If you're part of a group contribution, get your meal voucher from the point man in your group. Everybody remember now, no ticket no food!
Ahh ... the admission ticket gets you into the dining hall, the one true reason we're all here today. This is a typical dining hall in a Wedding Hall type wedding. Ssshhh!! Bite your tongue - this isn't an office cafetaria!!
The food and drinks are all decked out on the table as guests stroll in after getting past the tight security check and guard dogs.
There is no guest allocation system or assigned seating. Basically, you walk in, sit at a table and once the headcount hits 8 (or whatever the maximum seats per table), you move on to the next table. So, the bigger your congregation, the stronger your bargaining power at demanding adjoining tables from the warden.
An assortment of errr ..... food.
The orange bits are called prawns. They're boiled and served. The white bits are deformed baby octopus. They're also boiled before serving.
I think this dish has some kinda symbolic meaning to it, like the ying-yang of life, or longevity & prosperity, or maybe it's just food. Darn .... those Korean cultural classes I took were a waste of money then, weren't they?
Pieces of egg-battered fried stuff - (left to right) minced pork patties, crabstick-spam-leek kebabs and sliced cucumber.

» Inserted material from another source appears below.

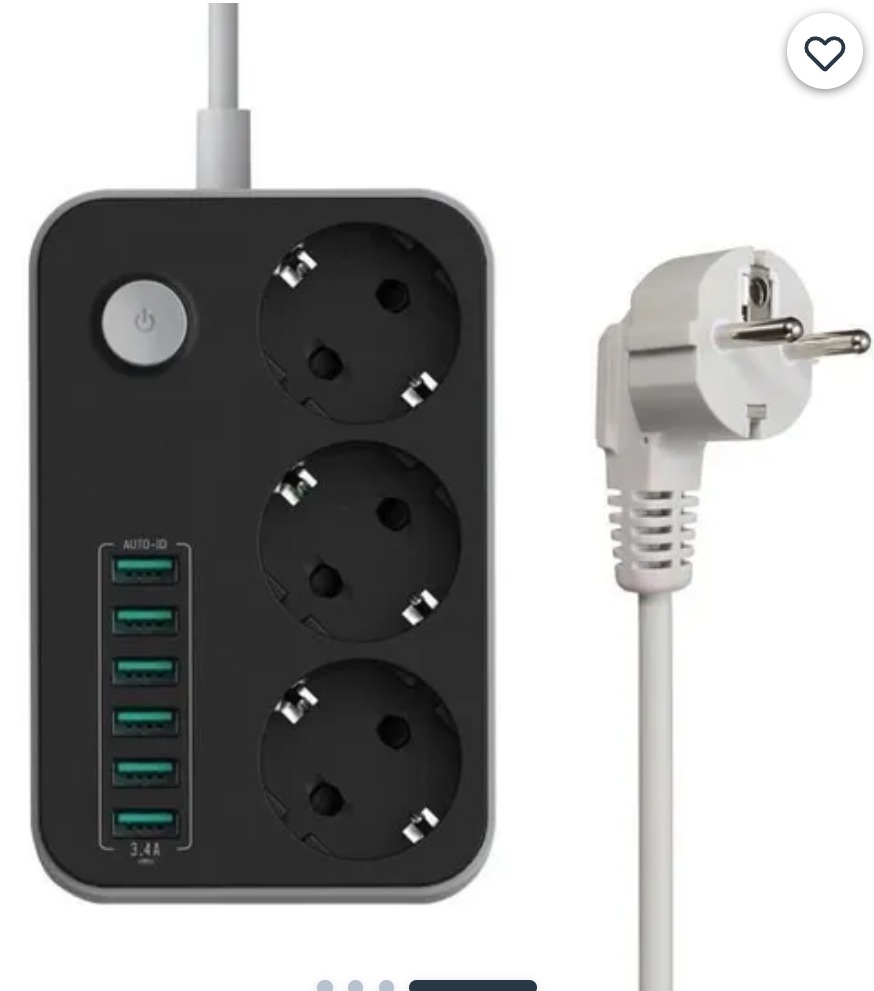 Image de LDNIO 5V 3.4A Chargeur Bureau 3 Prise Alimentation 6 USB Port 1.6m Charger Multipris - Unbranded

The best-when-cold principle doesn't apply here, but someone forgot to tell them that.
Deep-fried chicken nuggets. The oil-drenched paper napkin somehow just doesn't quite fit right. Maybe it's just me.
Hey you-stranger-sitting-beside-me!! That's MY piece.
Mung-bean jelly, or cheongpo muk, are sliced into strips and served with a shake of black sesame seeds.
Muk, or jelly, is a popular Korean item. They're not sweet desert jelly that many of you may be familiar with. Depending on the source ingredient used, there are several varieties of muk readily found all over Korea. Most common are the above, buckwheat jelly (memil muk) and acorn jelly (dotori muk). They are served plain as side dishes or mixed with other savoury ingredients such as meat, veges and sauces to form complete meals on their own.
This is a Korean staple - rice cakes, or tteok. Tteoks are customarily served at weddings and other significant occasions (e.g. newborn's birthday, the day I complete Burnout 3, oh did I mention weddings).
There are many many kinds of tteok, some 300+ if I recall, in all shapes, colours, texture & taste. Read all about tteok here.
This is sinseollo, or hot-pot, which sits proudly in the middle of the table for all to share. Thin beef slices, mushrooms, spring onions in a sweet brown bulgogi sauce.
Each person at the table gets one of these - kalbi tang, or beef rib soup, and a bowl of rice. The soup comes piping hot, and is rich in beefy flavours. It is a clear soup, but must have been boiled for many many hours to extract that kind of flavours from the bones.
In case you're wondering, I have no idea why the silver bowls are so gigantic. You can fit your entire face into it. I know - I have the stretch marks to prove it. Some people combine the bowl of rice into the soup bowl and eat it out of one large bowl, while others keep them separate and shuttle between the 2 bowls.
So let's face it. A food-fest it is not. If you want this, just head on over to Seoul Grand Hyatt Hotel's buffet restaurant. Unlike most other wedding rituals around the world, where food, alcohol, music, dancing, games and even plate-throwing are all climax to the day's event, it's quite different here in Korea, or at least from the few that I've been privileged to be invited to. It can appear somewhat cold and stiff. If I'm wrong on this point, do let me know.
OK, so a food fest it is not. But hey, you're here for the wedding, to share in the couple's happy day, to partake in the festivities, to catch up with old friends and relatives whom you haven't seen since the groom's last wedding, to redistribute the national income, to get all dressed up instead of walking naked at home. It's not all about the food, come on.